-- INPUT DATA follows --

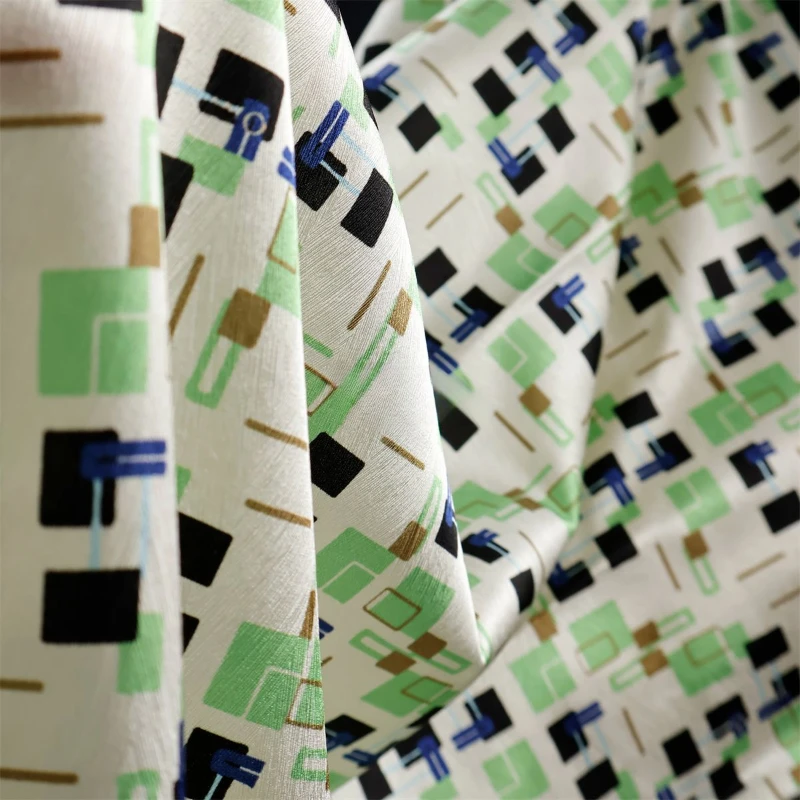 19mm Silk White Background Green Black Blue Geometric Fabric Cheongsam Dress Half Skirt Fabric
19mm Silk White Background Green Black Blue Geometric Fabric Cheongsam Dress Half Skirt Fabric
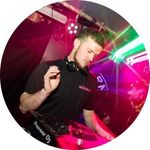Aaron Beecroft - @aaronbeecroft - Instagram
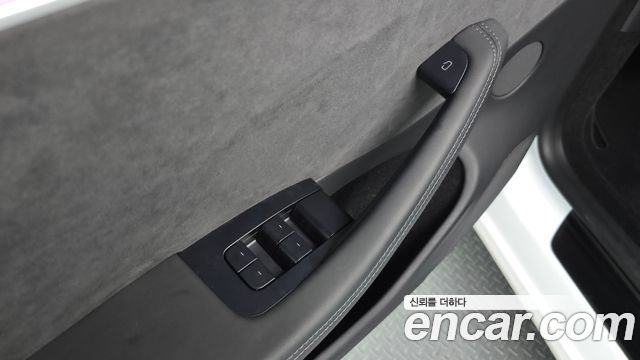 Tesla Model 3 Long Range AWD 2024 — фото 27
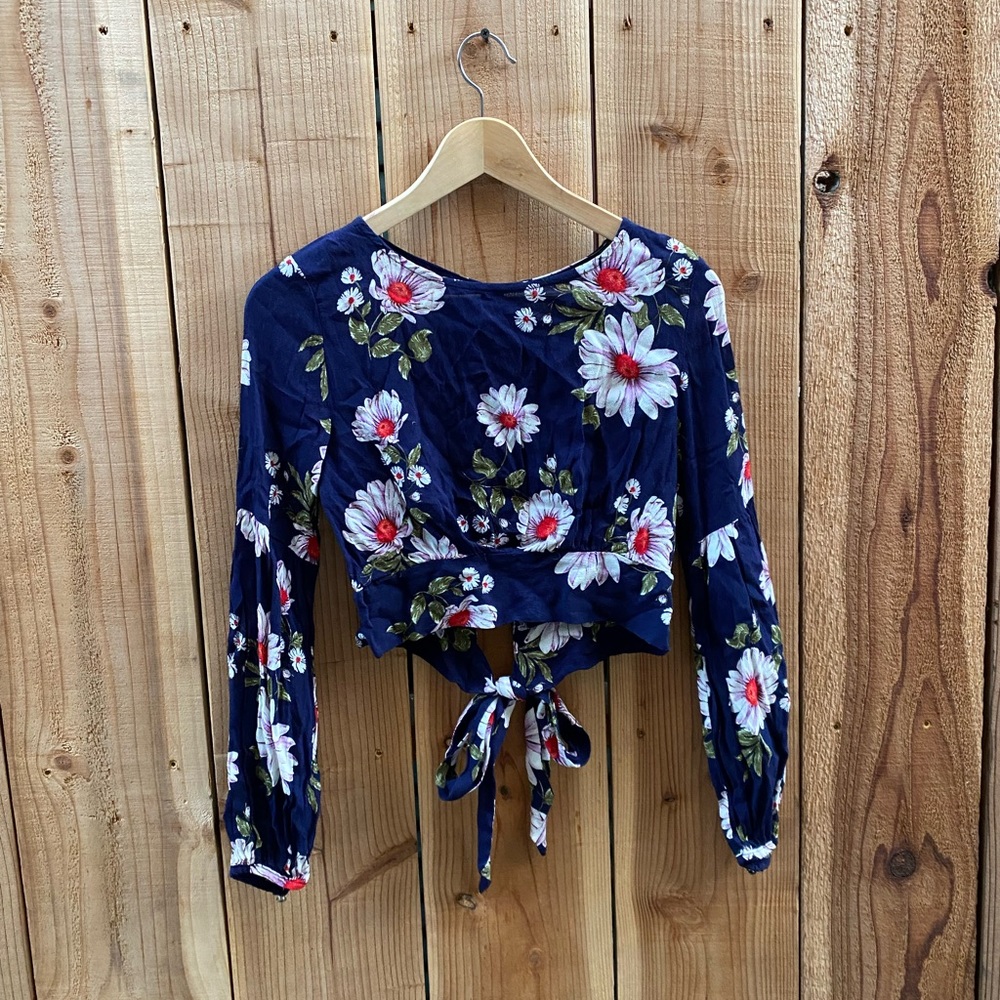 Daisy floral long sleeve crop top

-- INPUT DATA concluded --

* EXERCISE AIM
What is needed is an exact copy of every line from the one with "Aaron Beecroft - @aaronbeecroft - Instagram" to the end of the listing above, with the pictures left out.

* ANSWER
Aaron Beecroft - @aaronbeecroft - Instagram
 Tesla Model 3 Long Range AWD 2024 — фото 27
 Daisy floral long sleeve crop top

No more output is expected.